21 de fevereiro de 2013 | 02h06

O PT comemora sua década no governo federal sustentando, em curiosa cartilha, o embate entre dois projetos para o País: o primeiro, democrático e virtuoso; o segundo, o neoliberal dos conservadores de plantão. Contudo, há que se explicar o enorme consenso social e político sobre as principais políticas públicas, em particular as macroeconômicas, e a ausência de uma voz oposicionista contumaz.

Se há dois projetos antinômicos, seria de se esperar alguma polarização política, além de crescente depuração das alianças eleitorais e congressuais representando a consequente clivagem. O sistema político está longe de apresentar tais características.
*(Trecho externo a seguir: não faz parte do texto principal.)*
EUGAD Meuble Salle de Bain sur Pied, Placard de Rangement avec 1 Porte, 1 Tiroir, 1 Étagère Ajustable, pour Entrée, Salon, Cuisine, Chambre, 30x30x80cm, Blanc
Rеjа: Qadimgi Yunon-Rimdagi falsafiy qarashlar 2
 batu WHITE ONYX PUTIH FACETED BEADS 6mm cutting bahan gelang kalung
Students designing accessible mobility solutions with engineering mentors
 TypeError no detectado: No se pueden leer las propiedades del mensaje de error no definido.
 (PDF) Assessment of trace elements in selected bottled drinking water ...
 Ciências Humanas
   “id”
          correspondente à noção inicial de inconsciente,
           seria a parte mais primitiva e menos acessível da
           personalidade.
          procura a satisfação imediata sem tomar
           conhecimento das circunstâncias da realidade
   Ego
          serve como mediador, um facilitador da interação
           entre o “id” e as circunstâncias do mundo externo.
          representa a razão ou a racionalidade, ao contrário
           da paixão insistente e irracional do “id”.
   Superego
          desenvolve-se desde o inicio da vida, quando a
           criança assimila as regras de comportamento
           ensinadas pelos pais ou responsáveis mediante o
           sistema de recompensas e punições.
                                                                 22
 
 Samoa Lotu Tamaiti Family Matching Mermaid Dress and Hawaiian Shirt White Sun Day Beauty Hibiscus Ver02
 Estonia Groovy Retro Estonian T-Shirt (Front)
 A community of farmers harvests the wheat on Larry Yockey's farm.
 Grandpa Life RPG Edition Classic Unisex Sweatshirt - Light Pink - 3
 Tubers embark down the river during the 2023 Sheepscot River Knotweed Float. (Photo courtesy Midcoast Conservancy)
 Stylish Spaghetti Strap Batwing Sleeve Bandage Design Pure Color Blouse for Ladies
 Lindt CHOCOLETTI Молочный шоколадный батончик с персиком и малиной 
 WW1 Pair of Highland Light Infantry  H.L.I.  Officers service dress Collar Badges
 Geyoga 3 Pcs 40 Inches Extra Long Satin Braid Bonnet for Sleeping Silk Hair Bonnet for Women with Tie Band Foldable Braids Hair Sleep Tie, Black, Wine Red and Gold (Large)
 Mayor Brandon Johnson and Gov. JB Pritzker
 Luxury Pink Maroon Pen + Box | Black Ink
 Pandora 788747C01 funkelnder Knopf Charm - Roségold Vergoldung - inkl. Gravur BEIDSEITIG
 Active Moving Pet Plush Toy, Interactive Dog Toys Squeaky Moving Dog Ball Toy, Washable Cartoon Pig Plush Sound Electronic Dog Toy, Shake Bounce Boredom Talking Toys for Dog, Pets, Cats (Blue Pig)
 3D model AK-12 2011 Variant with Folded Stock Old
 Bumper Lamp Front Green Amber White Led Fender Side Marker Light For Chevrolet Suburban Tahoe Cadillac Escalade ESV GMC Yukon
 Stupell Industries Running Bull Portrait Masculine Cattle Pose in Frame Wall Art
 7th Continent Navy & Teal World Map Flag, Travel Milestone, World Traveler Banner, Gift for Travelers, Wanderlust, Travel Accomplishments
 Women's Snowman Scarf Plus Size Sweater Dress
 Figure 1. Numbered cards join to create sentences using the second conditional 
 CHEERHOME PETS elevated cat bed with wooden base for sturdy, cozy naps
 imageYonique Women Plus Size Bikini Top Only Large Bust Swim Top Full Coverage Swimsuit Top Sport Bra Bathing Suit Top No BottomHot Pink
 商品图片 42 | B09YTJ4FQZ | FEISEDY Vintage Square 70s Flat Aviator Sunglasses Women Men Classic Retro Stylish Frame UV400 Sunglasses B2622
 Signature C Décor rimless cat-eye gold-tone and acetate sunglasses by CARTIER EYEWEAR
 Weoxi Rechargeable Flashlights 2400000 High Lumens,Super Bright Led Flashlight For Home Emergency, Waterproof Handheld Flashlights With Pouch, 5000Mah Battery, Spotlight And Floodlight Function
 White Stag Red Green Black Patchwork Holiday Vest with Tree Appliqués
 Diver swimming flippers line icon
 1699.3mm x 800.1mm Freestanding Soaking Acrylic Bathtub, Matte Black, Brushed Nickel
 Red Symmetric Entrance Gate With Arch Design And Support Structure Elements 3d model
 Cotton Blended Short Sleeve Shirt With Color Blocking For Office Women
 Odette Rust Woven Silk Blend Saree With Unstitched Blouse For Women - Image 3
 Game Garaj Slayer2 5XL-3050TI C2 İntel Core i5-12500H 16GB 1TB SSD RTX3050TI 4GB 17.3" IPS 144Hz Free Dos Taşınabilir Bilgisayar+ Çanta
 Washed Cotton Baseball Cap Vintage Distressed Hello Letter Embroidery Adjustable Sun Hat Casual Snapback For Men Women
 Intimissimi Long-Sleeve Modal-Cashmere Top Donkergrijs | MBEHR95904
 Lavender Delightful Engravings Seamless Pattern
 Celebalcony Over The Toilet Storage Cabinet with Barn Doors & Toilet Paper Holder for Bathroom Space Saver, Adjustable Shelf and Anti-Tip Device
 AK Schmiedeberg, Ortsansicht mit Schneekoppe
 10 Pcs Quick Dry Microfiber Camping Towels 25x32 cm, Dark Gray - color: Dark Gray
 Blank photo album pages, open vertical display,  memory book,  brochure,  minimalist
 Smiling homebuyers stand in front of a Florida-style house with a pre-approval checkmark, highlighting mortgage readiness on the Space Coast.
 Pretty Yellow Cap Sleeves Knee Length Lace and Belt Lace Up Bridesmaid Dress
Considere-se, em primeiro lugar, o alinhamento do governo federal com as elites empresariais na formulação das políticas econômicas. Nada indica que os empresários estejam particularmente descontentes e não contemplados. Sabe-se que certas indefinições permanecem mais por não haver unidade de expectativas entre os vários setores produtivos do que dificuldades de acordo político.

Quanto às elites políticas, o espectro de alianças é tão largo que dificilmente poderia ser abarcado por um projeto de poder polarizador.

Quanto mais à esquerda estariam os peemedebistas José Sarney e Renan Calheiros do tucano Aécio Neves? Se Eduardo Campos (PSB-PE) se alinha ao projeto petista, por que está se comportando como alternativa?

De fato, pesquisas sobre a posição dos parlamentares tem revelado enorme e crescente convergência ao centro, em todos os partidos. Isso tudo desde que o oposicionismo sistemático, antes descompromissado com a agenda governativa, chegou ao poder.

Por que, então, insistir na existência de uma polarização? Exatamente porque, ao não existir agendas realmente conflitantes, aumenta-se a pressão no sentido de criá-la pela retórica.

O que o eleitor vai ajuizar é a versão quando se encontrar diante das urnas.